I am trying to understand this font declaration in a CSS template that I am using and learning from. Most of the CSS tutorials do not set font size this way. It does seem to work, I'm just wondering exactly what is going on.
body{
font:300 15px/1.4 'Helvetica Neue', Helvetica, Arial, sans-serif;
}
What is the 300 number doing? Why would the creator use a fraction of 15px/1.4 instead of just putting something like 10px?
Also, when is it appropriate to use quotations on the typefaces, and when is it not?
It's shorthand syntax for the following:
font-weight: 300;
font-size: 15px;
line-height: 1.4;
font-family: 'Helvetica Neue', Helvetica, Arial, sans-serif;
300 is just a number representation of the weight of the font.

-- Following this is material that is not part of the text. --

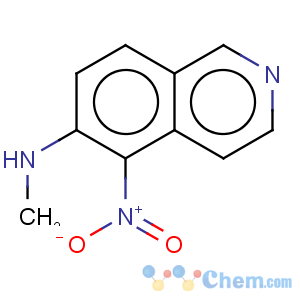CAS No:147293-17-2 6-Isoquinolinamine,N-methyl-5-nitro-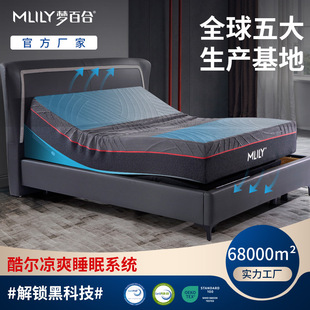 Индивидуальная производителя Dream Lily Прямая продажа Power Cool Electric Massage Smart Bed Умные кровати для подъема хлопкового матраса с памятью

The default is 400, "bold" is equivalent to 700. Here's a font with many different weights that should give you a good idea of what the numbers correspond to: http://www.google.com/fonts/specimen/Source+Sans+Pro
When the number doesn't include a unit (like px, em, etc), it's a multiple of the font size. In this case, 15px * 1.4 = 21px, so it's the equivalent of line-height: 21px
.
This is a list of your preferred fonts, in descending order. If the user doesn't have Helvetica Neue installed, it will fall back to Helvetica. If they don't have that, it will fall back to Arial. If they don't have that, it will use whatever the browser's default sans-serif font is. In OSX and iOS, that's Helvetica, on Windows it's Arial, and on Android it's either Droid Sans or Roboto, depending on the version.